# New Jack Dempsey



## MacFish (Jun 15, 2006)

Happy to report I found what I think will be a very nice female JD for one of my Blues.

She was in QT for 3 weeks before moving her to my work 90 Gal. I added 2 but this one is the dominant female and I hope will be the one the male chooses. I added her 3 days ago and the male is starting to warm up to her. 
She is still pretty small (~2") so it will be some time I'm sure.

Here she is....




























Here is the male I am trying to pair her up with. He's a little over 4" now.



















I am pretty sure it will be a love connection. Just look at this side of her. I've heard of wearing your heart on your sleeve but never in the fish world


----------



## gunnerx (Mar 20, 2008)

Wow, very nice! Love those colours!


----------



## Ciddian (Mar 15, 2006)

awe she is very pretty!


----------



## Grey Legion (Mar 20, 2006)

Hey, great photo's

Now for a sexy party !


----------



## MacFish (Jun 15, 2006)

Grey Legion said:


> Hey, great photo's
> 
> Now for a sexy party !


Okay!


----------



## pat3612 (Jan 29, 2008)

Wow great looking pair and who says males cant be pretty.lol


----------



## Riceburner (Mar 14, 2008)

congrats. She a regular JD? Really light colouring. I have one female that you can see that in her background.


----------



## MacFish (Jun 15, 2006)

She is jet black now. The male has started tolerating her and they have been doing the tail slapping happy dance for a couple days. She also dug out a nice big cave and a couple other pits around the tank. Her egg depositor is showing as well. 

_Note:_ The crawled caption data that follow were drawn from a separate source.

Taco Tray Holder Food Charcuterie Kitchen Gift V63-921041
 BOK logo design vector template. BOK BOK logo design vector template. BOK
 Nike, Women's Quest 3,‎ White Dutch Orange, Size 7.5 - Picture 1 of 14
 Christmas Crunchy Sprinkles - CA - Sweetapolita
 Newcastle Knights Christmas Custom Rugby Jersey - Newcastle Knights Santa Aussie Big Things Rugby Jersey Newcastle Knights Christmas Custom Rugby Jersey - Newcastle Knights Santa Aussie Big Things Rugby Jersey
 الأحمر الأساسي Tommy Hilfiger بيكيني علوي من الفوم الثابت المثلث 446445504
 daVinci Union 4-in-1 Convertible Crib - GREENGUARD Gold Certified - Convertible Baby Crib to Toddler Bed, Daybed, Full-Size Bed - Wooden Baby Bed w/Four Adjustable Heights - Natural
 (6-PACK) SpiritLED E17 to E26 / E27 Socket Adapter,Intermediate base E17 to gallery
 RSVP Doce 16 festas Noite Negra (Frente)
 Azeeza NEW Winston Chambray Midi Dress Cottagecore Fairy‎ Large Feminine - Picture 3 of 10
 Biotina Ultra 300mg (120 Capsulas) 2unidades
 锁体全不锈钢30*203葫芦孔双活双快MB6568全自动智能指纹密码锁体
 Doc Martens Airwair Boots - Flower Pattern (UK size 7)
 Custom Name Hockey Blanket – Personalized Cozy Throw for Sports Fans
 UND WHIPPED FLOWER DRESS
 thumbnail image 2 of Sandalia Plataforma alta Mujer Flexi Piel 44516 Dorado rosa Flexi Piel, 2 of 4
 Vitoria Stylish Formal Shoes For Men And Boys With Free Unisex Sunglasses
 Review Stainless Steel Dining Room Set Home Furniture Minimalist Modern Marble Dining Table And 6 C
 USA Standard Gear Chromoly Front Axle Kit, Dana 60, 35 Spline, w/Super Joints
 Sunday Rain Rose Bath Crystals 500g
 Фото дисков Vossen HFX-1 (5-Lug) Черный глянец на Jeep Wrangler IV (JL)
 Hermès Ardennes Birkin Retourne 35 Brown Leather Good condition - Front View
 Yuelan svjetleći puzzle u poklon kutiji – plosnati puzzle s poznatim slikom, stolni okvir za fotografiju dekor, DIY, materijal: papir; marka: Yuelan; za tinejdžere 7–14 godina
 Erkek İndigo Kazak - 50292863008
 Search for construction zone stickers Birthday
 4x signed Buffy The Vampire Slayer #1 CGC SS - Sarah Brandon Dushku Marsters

She is still very small though so I am not expecting much just yet.


----------



## MacFish (Jun 15, 2006)

Now it's time for a sexy party! The pair have dug out a cave and are currently cleaning a rock!! Woo hooo! Fingers are crossed. She is still so young I find it hard to believe they will spawn already though.


----------



## Riceburner (Mar 14, 2008)

Here's hoping the eggs hatch. Should be by the end of the week?


----------



## MacFish (Jun 15, 2006)

I think so. They spawned sometime between Friday night and today at Noon. 

So far the eggs look good.


----------



## MacFish (Jun 15, 2006)

They must have spawned early Friday evening because I have wrigglers!!!

Woo hoo! 1 Step closer to breeding Blue Dempsey's


----------



## Riceburner (Mar 14, 2008)

congrats! Hope they go to term


----------



## MacFish (Jun 15, 2006)

Here are some shots of the pair and wrigglers.

The pair are doing a very good job so far. One of the 2 of them are with the wrigglers at all times and are switching off very frequently. When the male is on duty, the female is digging another pit. When the female is on duty, the male is laying the beats to the other fish in the tank to keep them at the other end.




























Here is the female digging a new pit. The male is about halfway between the female and the wrigglers.


----------